“Driven” is the sort of comic thriller you root for, but one you’re hoping turns out better than it does.
It’s “Collateral” in a ride-share, “Collateral” meets oh — “Buffy the Vampire Slayer,” even though the supernatural menace isn’t vampires. They are “‘demons,’ for lack of a better term.”
That’s a running gag in a movie that has a few of those, a few passable jolts and a couple of decent laughs. It’s almost enjoyable enough on its own merits. But the slack pacing, general lack of urgency or any sense of suspense do it in.

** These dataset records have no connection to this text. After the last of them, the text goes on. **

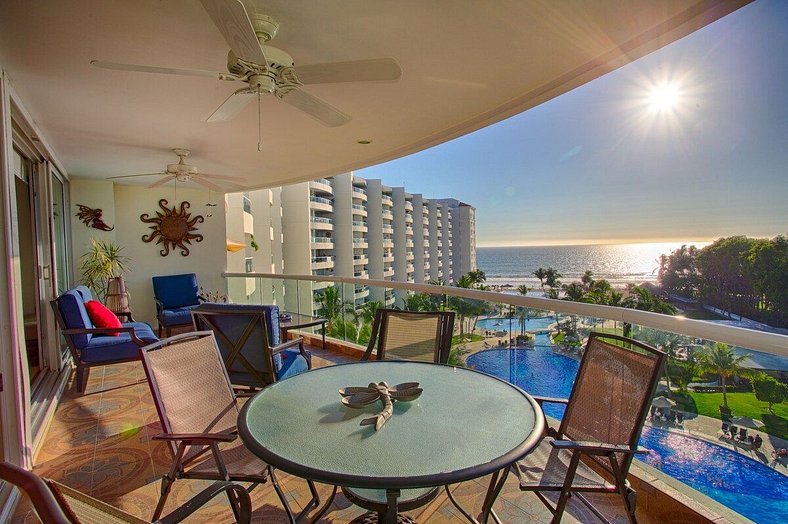 Oceanview Condo, Big Terrace, Pool and Beach Views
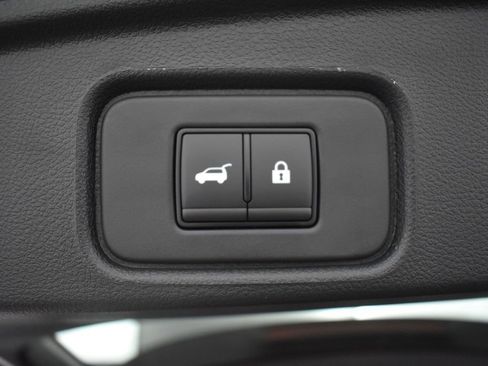 New 2025 Nissan Pathfinder Platinum w/ Cargo Package image 36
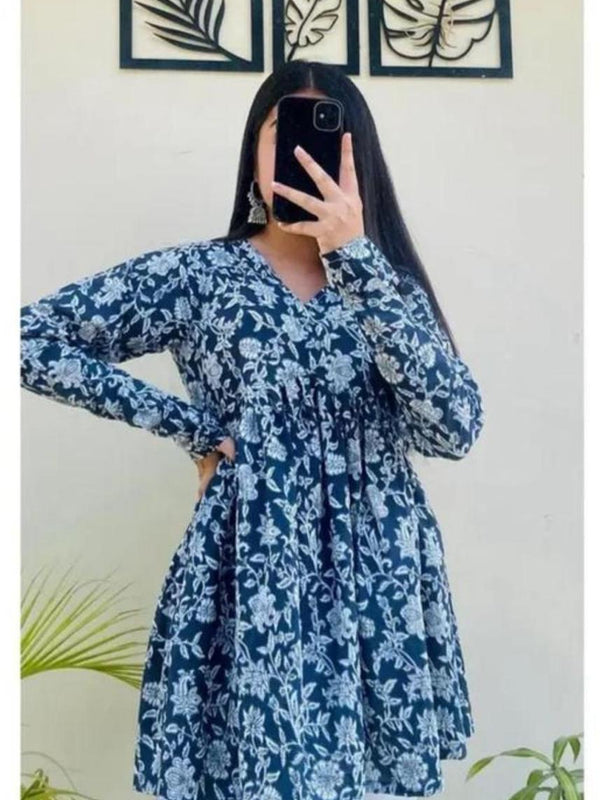Women’s Red Rayon Floral Printed V-Neck Flared Top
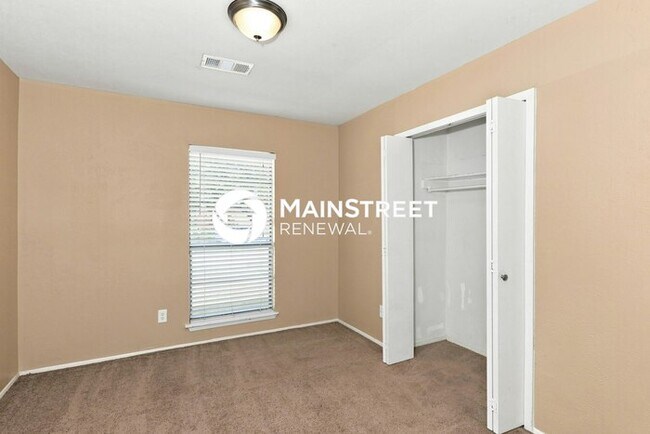 Building Photo - 3 Bedroom Pet-Friendly Home in Grand Prairie, TX with Main Street Renewal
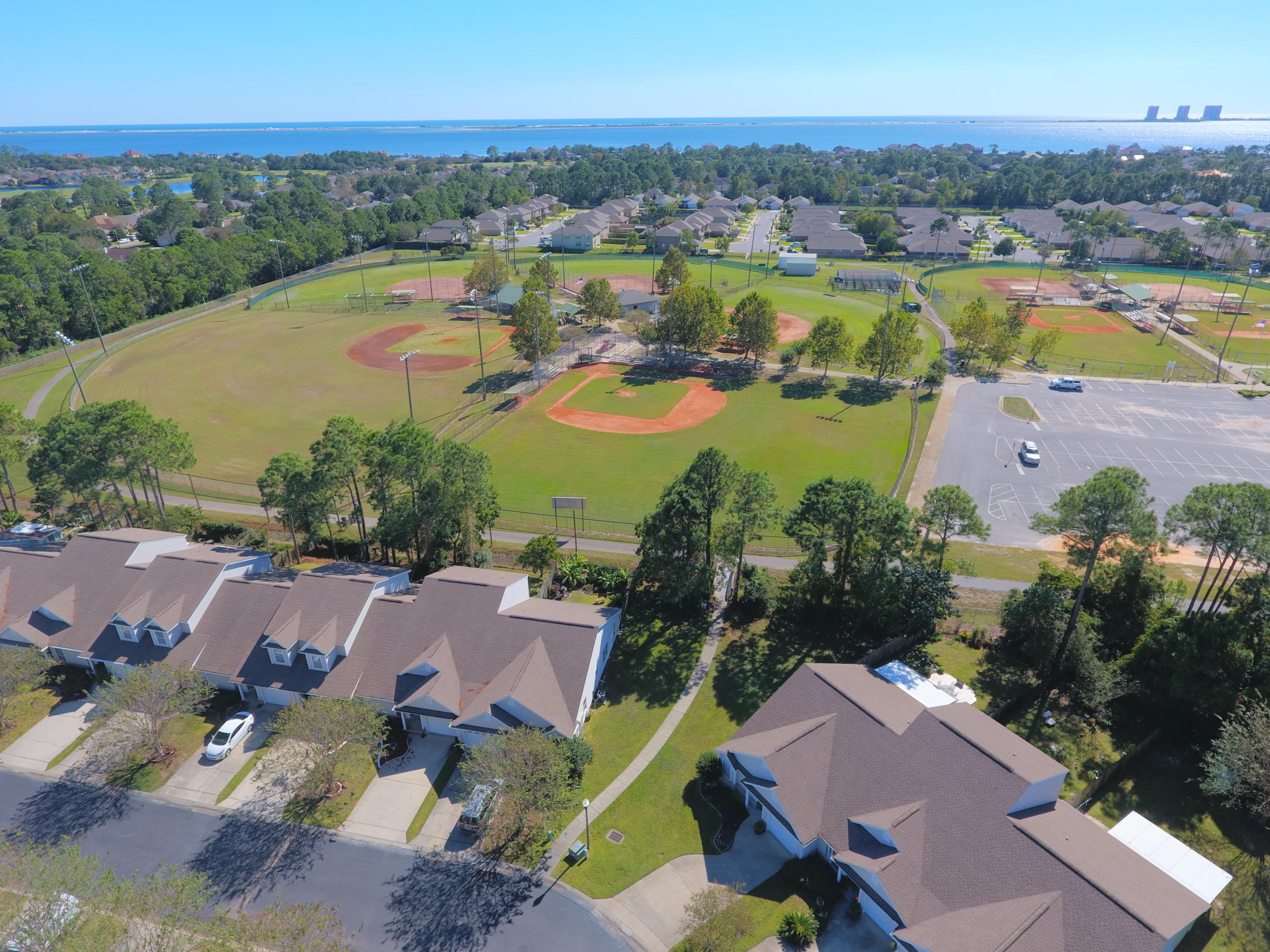 TIGER LAKE - Residential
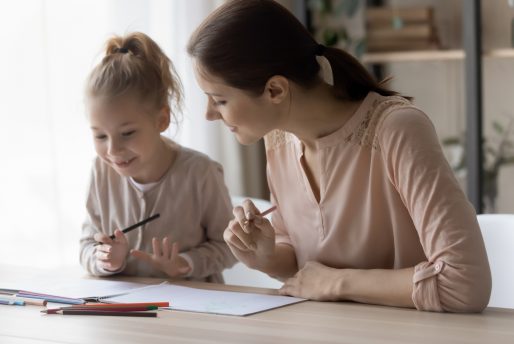 Femme qui aide un enfant pour les devoirs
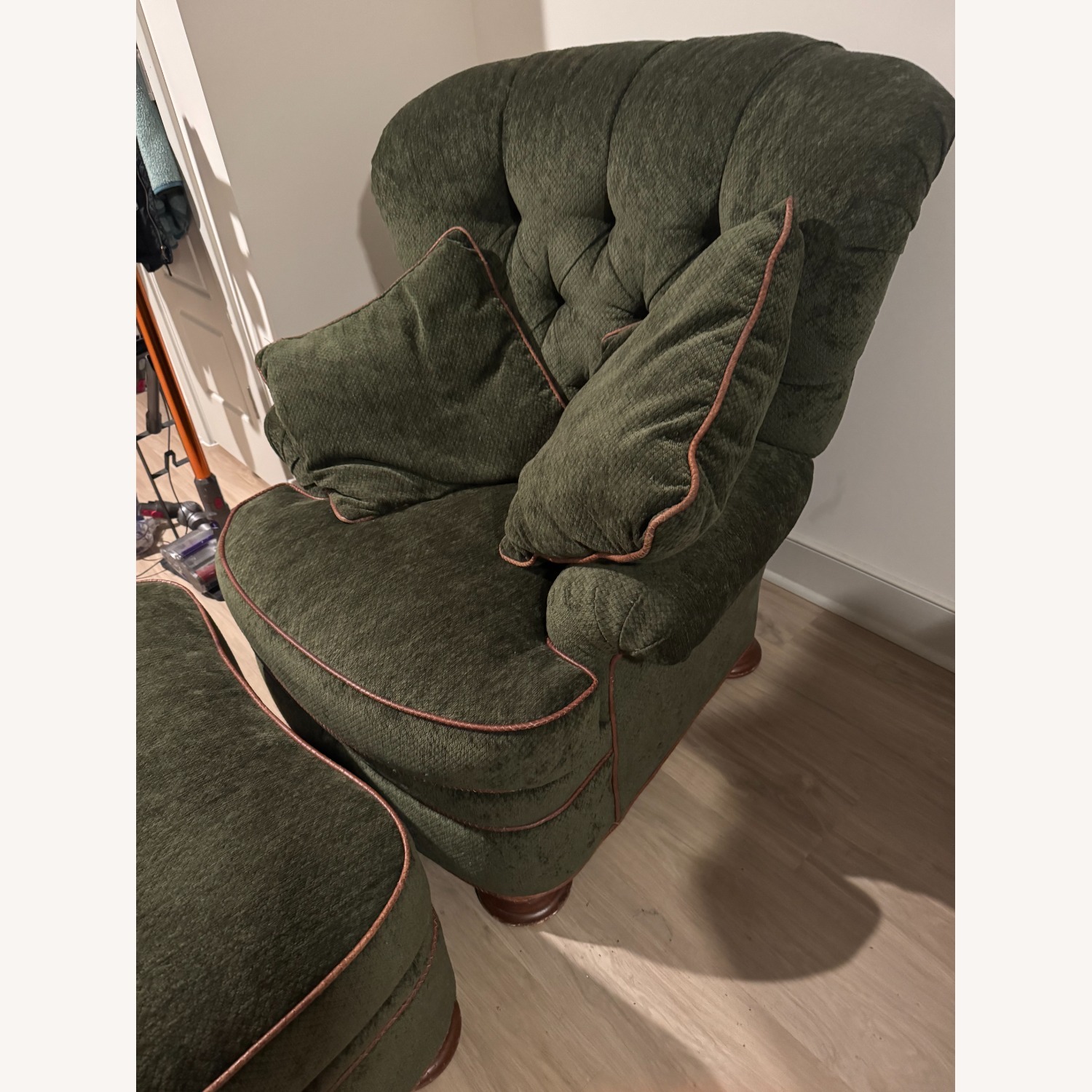 Hickory White Green Arm Chair - image-1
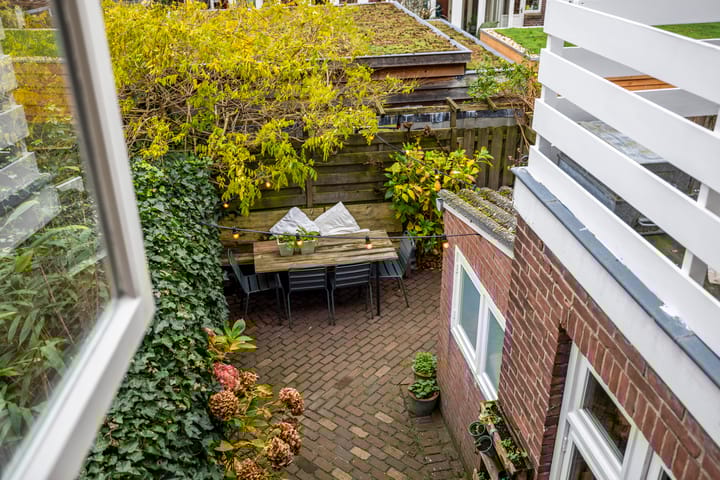 Foto 25 van Alexander Numankade 223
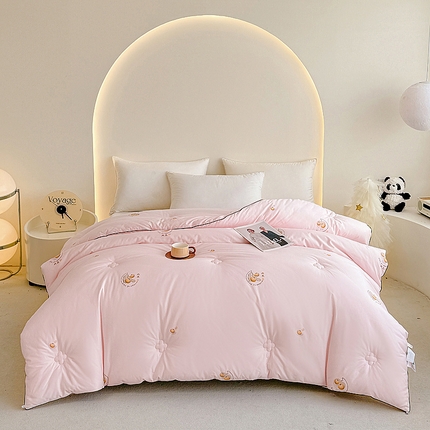 91家纺网 家纺一手货源 找家纺 心悦 2024新款全棉印花大豆被 被子被芯 亮豆粉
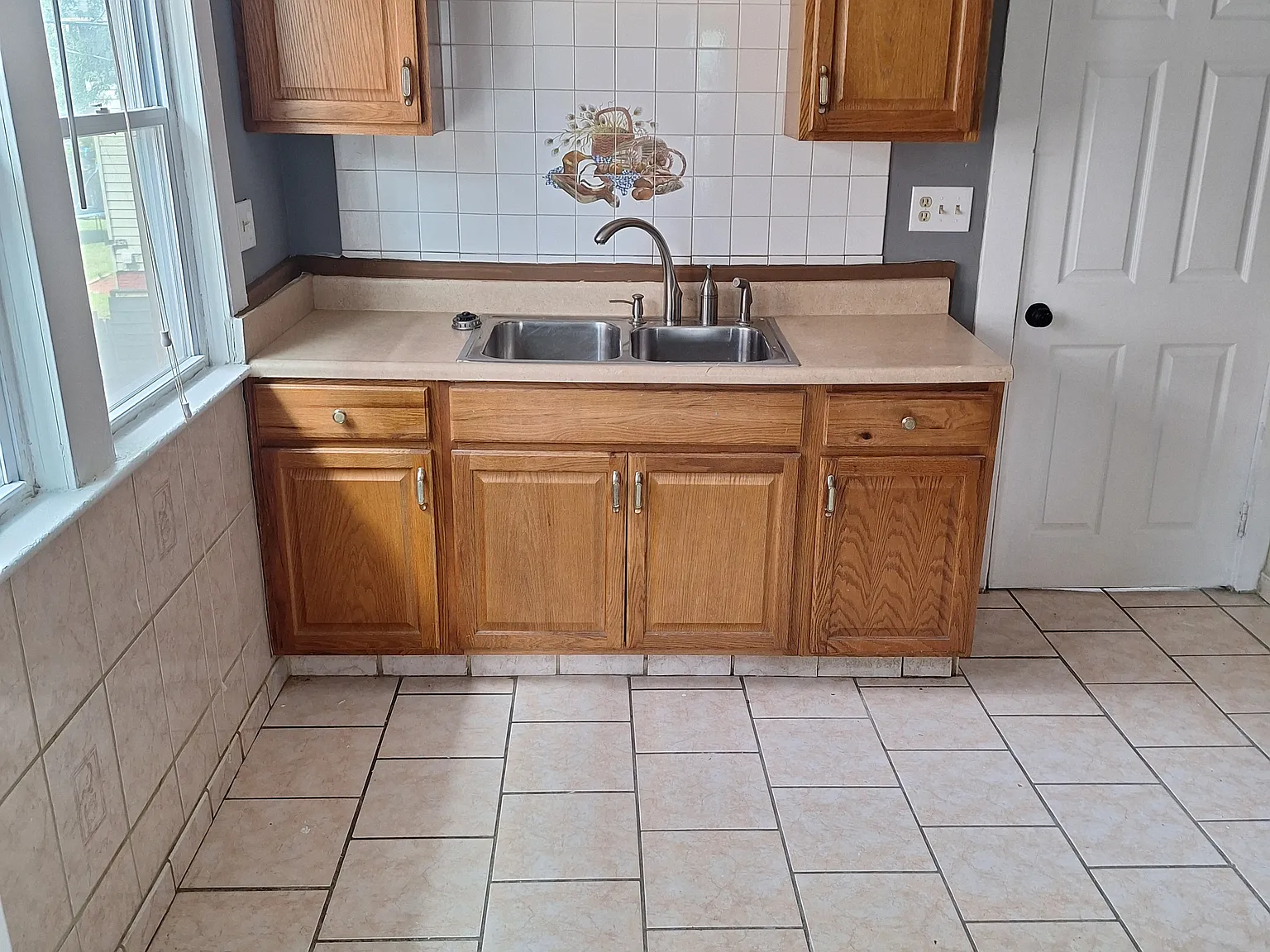 2 bed, 960 sqft, $1,095 — Photo 2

Casey Dillard, who was in James Franco’s adaptation of Faulkner’s “As I Lay Dying,” wrote and co-stars in this as Emerson, a broke would-be stand-up comic who tries out new material in the rear-view mirror between customers. She’s driving a Ferry ride-share car nights just to make ends meet.
We’re starting to figure out it’ll be a cold night in Tupelo (where they filmed this) before she ever gets a Comedy Central special when she picks up the customer from hell. Almost literally.
He (Richard Speight, Jr. of “Supernatural”) is menace incarnate, a testy customer of few words, in town to “visit a few old friends.”
He’s got assorted addresses, several stops. And Emerson, gay and fresh off a break up and trying to turn that into “material” (“Your hair is so beautiful…I want to RIP it out. Then it wouldn’t be YOUR hair anymore, would it?”) is oblivious as he makes his stops and awful shadow violence plays out behind the curtains of his “stops.”
She’s slow on the uptake. Then he gets into the car, bloodied. Then he shows her his big honking knife.
“Please don’t hurt me.”
“I’m not going to.”
“Please don’t hurt ANYbody.”
As “Roger” starts to speak, to explain himself and his errands, two things happen. One, we can’t help but notice that this scary guy is a lot less scary because he sounds just like funnyman Will Forte. And secondly, all this palaver about “demons, for lack of a better term” has just turned “Driven” into “Parked, and about to get towed away.”
Dillard’s written herself a colorful character to play, made her a comic and who loves language (“You have a LOT of ‘Word War’ notifications!”), a lovelorn lesbian obsessed with filling the air around her (in a CAR) with “essential oils.”
“What was that?”
“Smells like Satan’s ANUS.”
There are a few funny lines.
“So, you’re a comic?”
“Not judging from your reactions.”
But as “Collateral” and assorted other thrillers confined to a car promise, the claustrophobia should make tension and suspense spike. And they don’t. We never fear for anybody’s safety, never connect with a single villain worth rooting against.
The more explaining that Roger does, the more flailing one-liners Emerson trots out, the duller “Driven” is. The stars are agreeable, even if they’re underplaying everything so much that they lower the stakes into “Who cares?” territory.
It’s likeable and worth rooting for. But in the end, it just isn’t all that.
Cast: Casey Dillard, Richard Speight Jr.
Credits: Directed by Glenn Payne, script by Casey Dillard. An Uncork’d release.